Task details: Please output the records below word for word and omit the pictures.

Extracted entries:
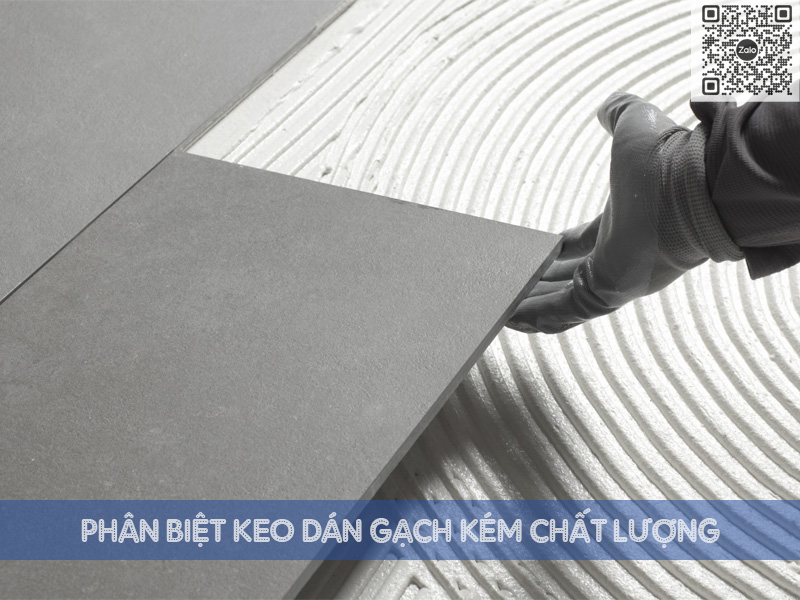 Điều gì xảy ra khi bạn sử dụng keo dán gạch kém chất lượng?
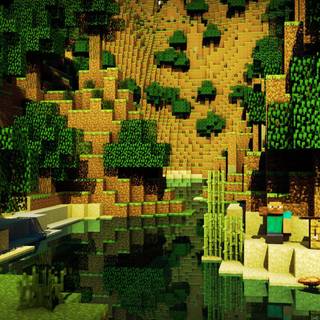 Wallpapers de minecraft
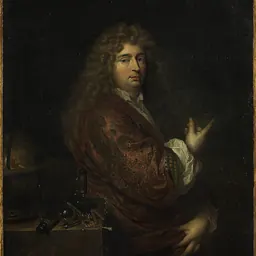 Portrait of Nicolaas Hartsoeker
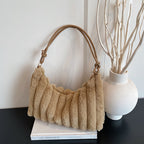 WoPlush Texture Evening Handbag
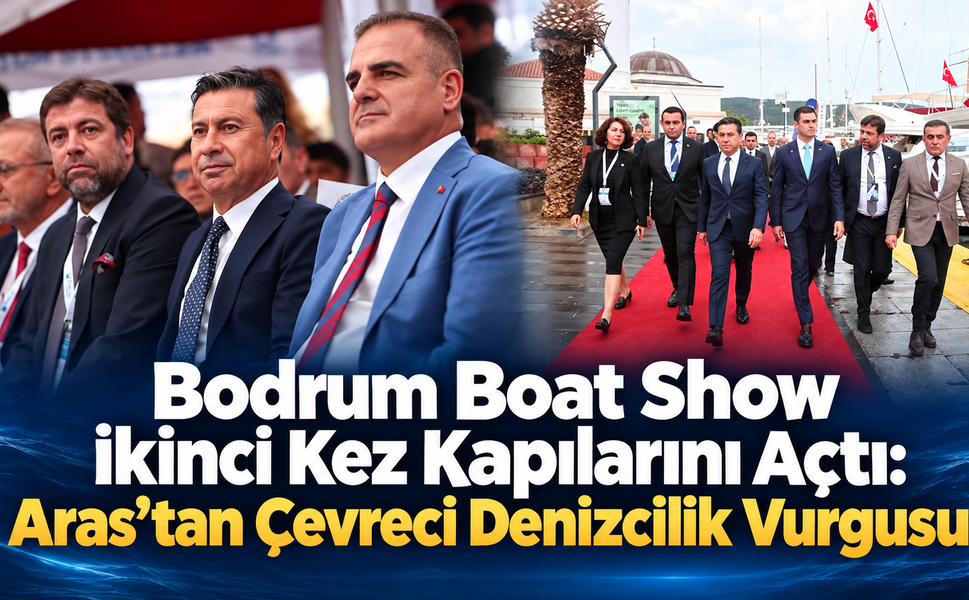 Aras’tan Çevreci Denizcilik Vurgusu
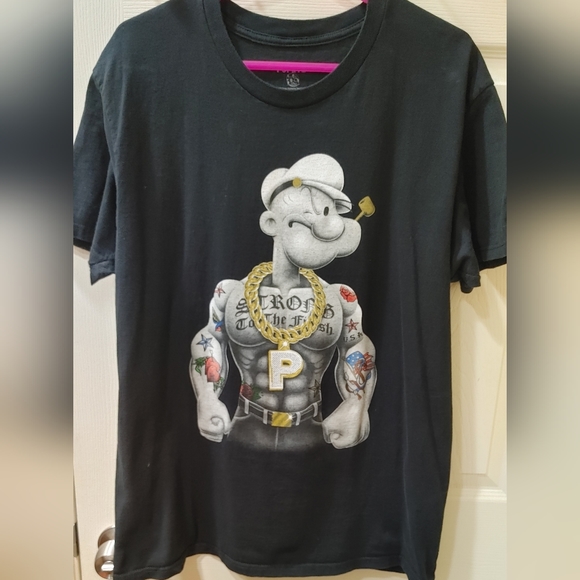 Other - Popeye Men's Large Tee Shirt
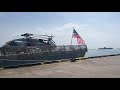 LIMA 2019 USS Preble DDG88 And HMAS Diamantina (M86)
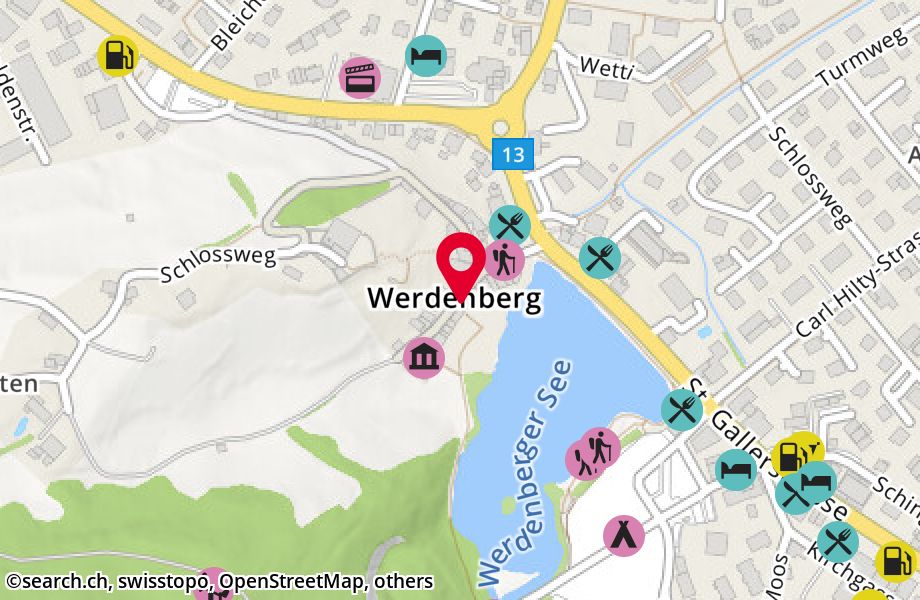 Städtli 8, 9470 Werdenberg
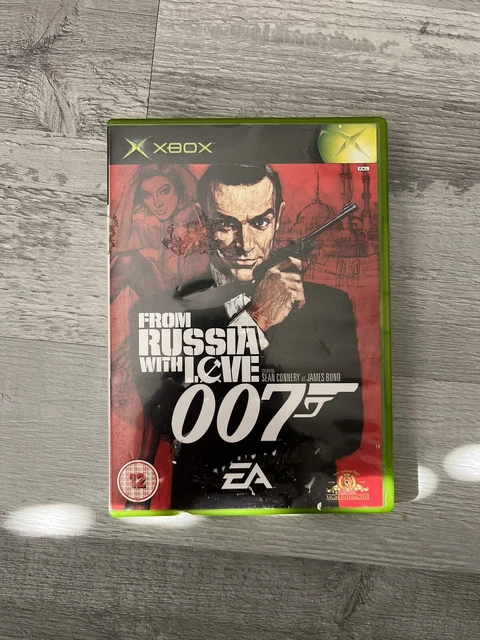 James Bond: From Russia with Love complete  (Microsoft Xbox, 2005)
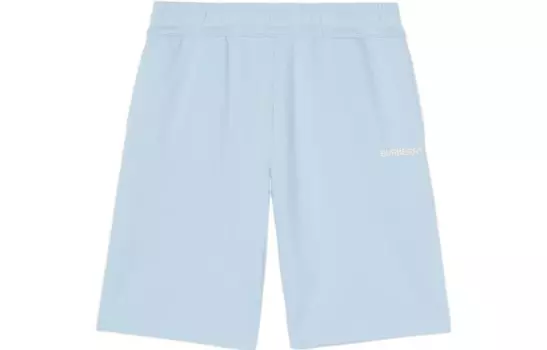 Мужские шорты Burberry, голубой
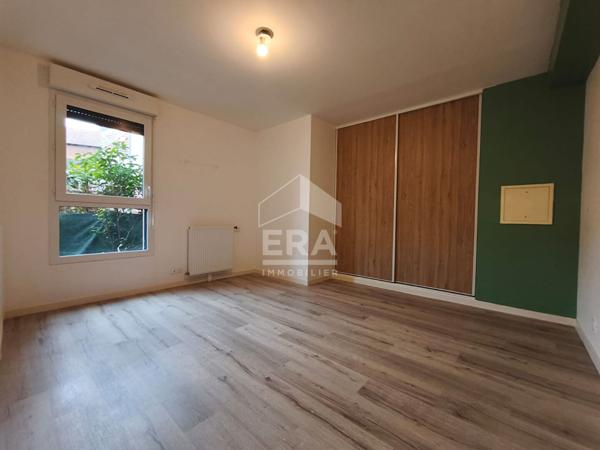 Appartement F3 avec jardin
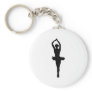 Ballet Dancer Key Chains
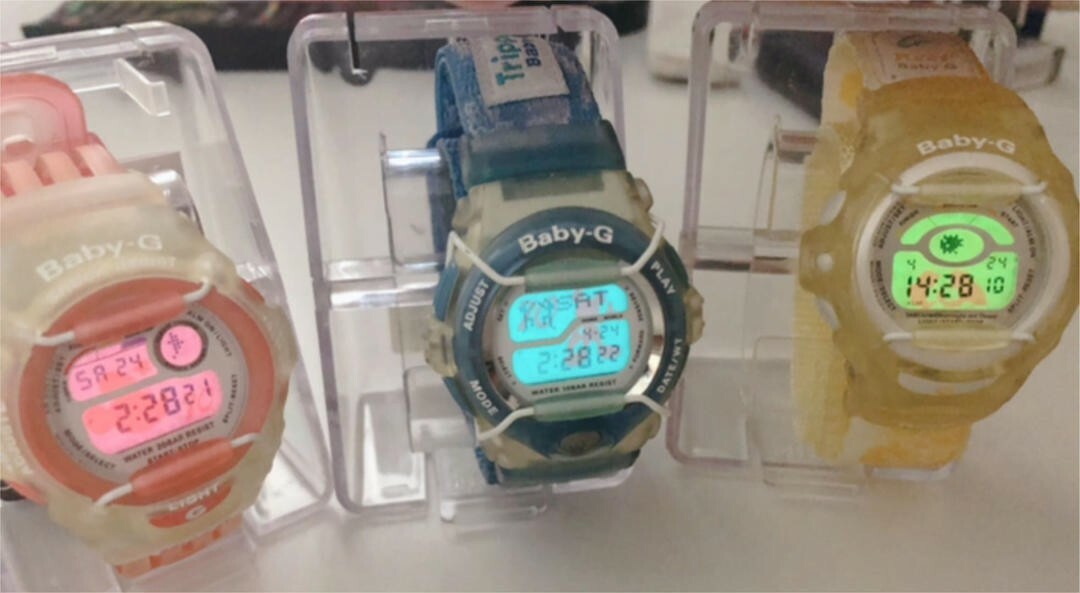 Casio G-SHOCK Disney Limited Baby-G Mickey Minnie 3 Color Casio G-SHOCK Disney Limited Baby-G Mickey Minnie 3 Color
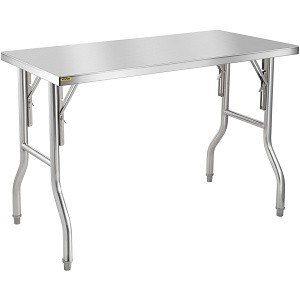 Stainless Kitchen Prep Table
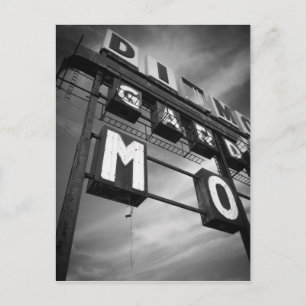 Cartão Postal Restaurante Diamantes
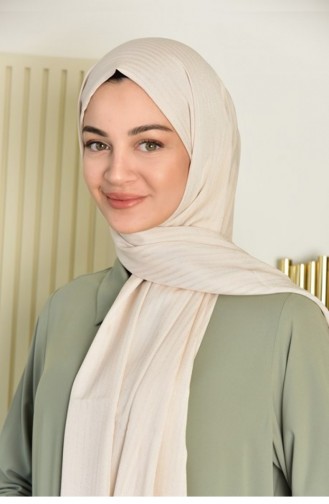 Sand Beige Shawl 3585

Finished exercise:
 Điều gì xảy ra khi bạn sử dụng keo dán gạch kém chất lượng?
 Wallpapers de minecraft
 Portrait of Nicolaas Hartsoeker
 WoPlush Texture Evening Handbag
 Aras’tan Çevreci Denizcilik Vurgusu
 Other - Popeye Men's Large Tee Shirt
 LIMA 2019 USS Preble DDG88 And HMAS Diamantina (M86)
 Städtli 8, 9470 Werdenberg
 James Bond: From Russia with Love complete  (Microsoft Xbox, 2005)
 Мужские шорты Burberry, голубой
 Appartement F3 avec jardin
 Ballet Dancer Key Chains
 Casio G-SHOCK Disney Limited Baby-G Mickey Minnie 3 Color Casio G-SHOCK Disney Limited Baby-G Mickey Minnie 3 Color
 Stainless Kitchen Prep Table
 Cartão Postal Restaurante Diamantes
 Sand Beige Shawl 3585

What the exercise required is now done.